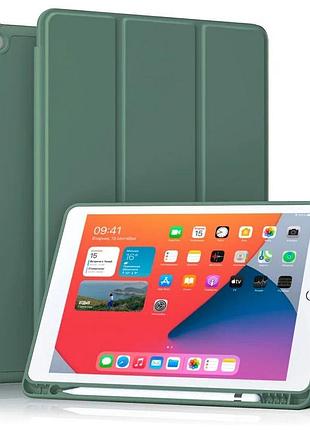 Чохол для ipad 10.2 (2019/20/21)/pro10.5(2017)/air 10.5 з кріпленням для стілус apple pencil pine green
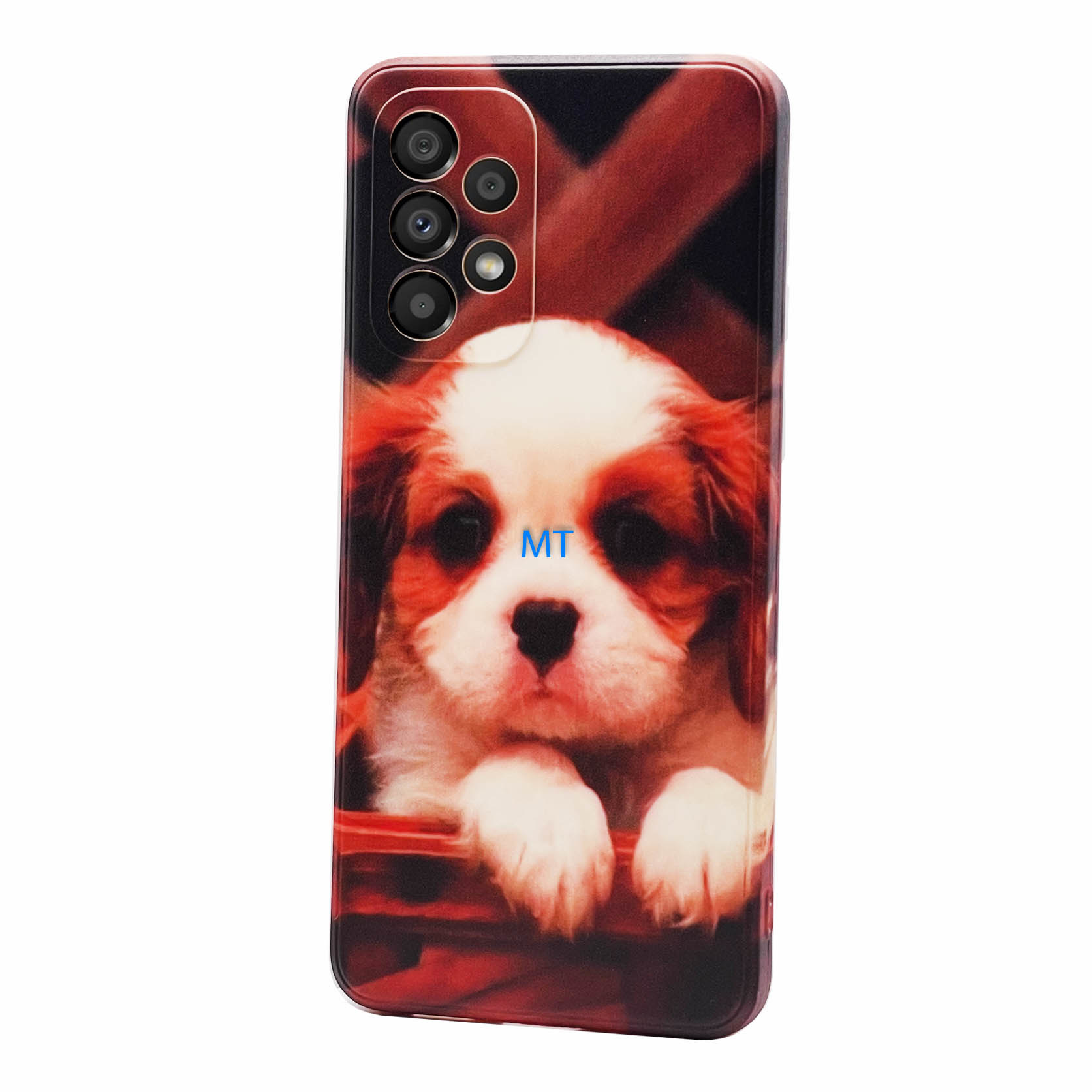 GREEN ON TPU Print Basket Pup For IPhone 15 Pro Max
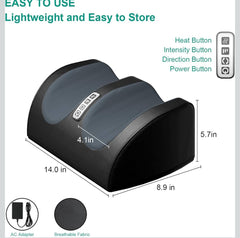 Shiatsu Foot Massager w/ Heat HSA Foot Massager for Foot Massage & Calf Massage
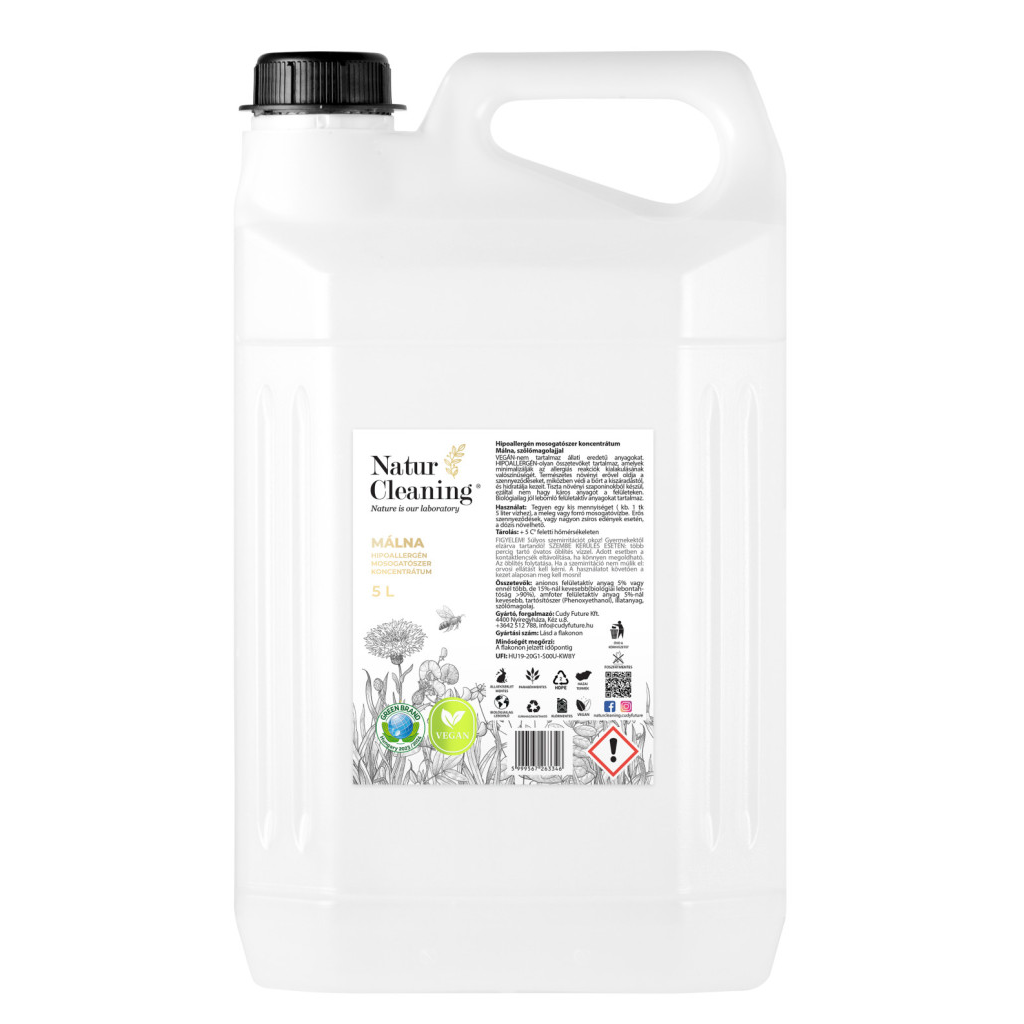 NaturCleaning Mosogatószer koncentrátum 5 liter - málna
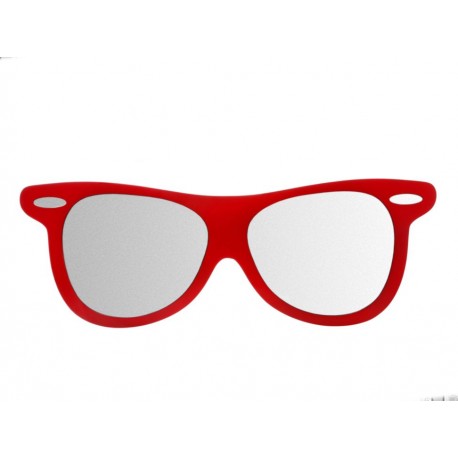 Lentes Espejo de Pared Rojo - Envío Gratuito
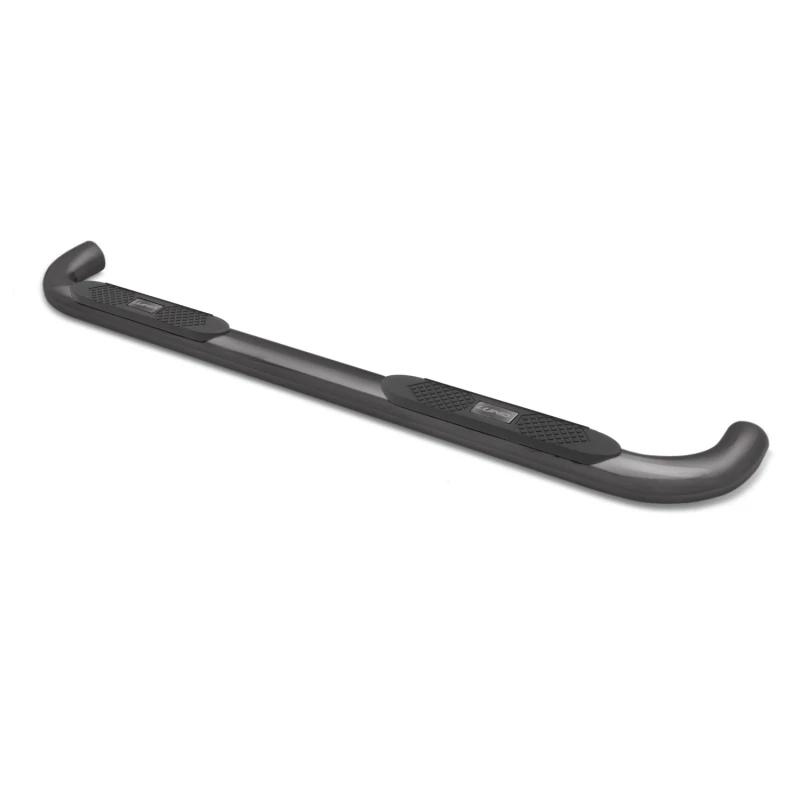 Lund 01-13 Chevy Silverado 1500 Crew Cab (Körpermontage) 4 Zoll Oval gebogene Stahl Nerf Bars - Schwarz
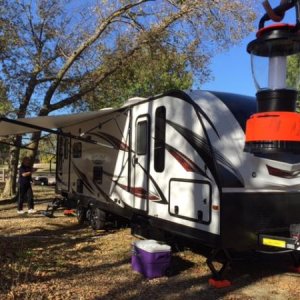 First weekend outing. Stayed at a State Park.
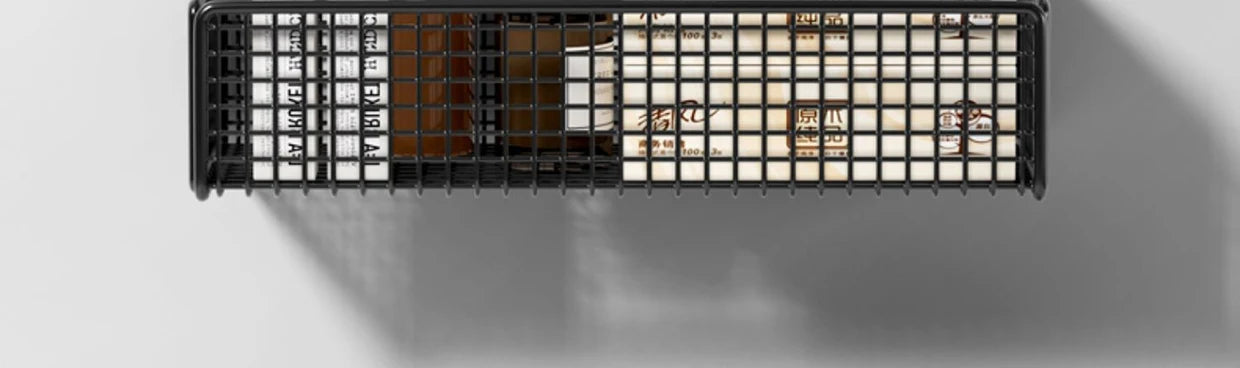 Scaffale Parete Adesivo - Per Cucina, Bagno - No Fori, Porta Oggetti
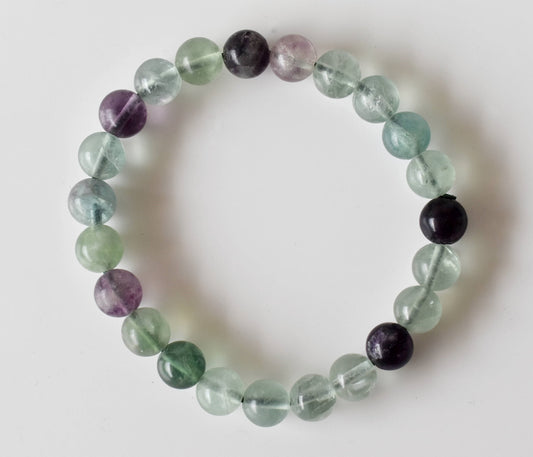 Multi Fluorite Gemstone Bracelet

# [TO DO]
Pictures are to be omitted. Print exactly the lines from the line containing "Shiatsu Foot Massager" through the final line of the material above, both included.

# [REPLY TO THE TASK]
 Shiatsu Foot Massager w/ Heat HSA Foot Massager for Foot Massage & Calf Massage
 NaturCleaning Mosogatószer koncentrátum 5 liter - málna
 Lentes Espejo de Pared Rojo - Envío Gratuito
 Lund 01-13 Chevy Silverado 1500 Crew Cab (Körpermontage) 4 Zoll Oval gebogene Stahl Nerf Bars - Schwarz
 First weekend outing. Stayed at a State Park.
 Scaffale Parete Adesivo - Per Cucina, Bagno - No Fori, Porta Oggetti
 Multi Fluorite Gemstone Bracelet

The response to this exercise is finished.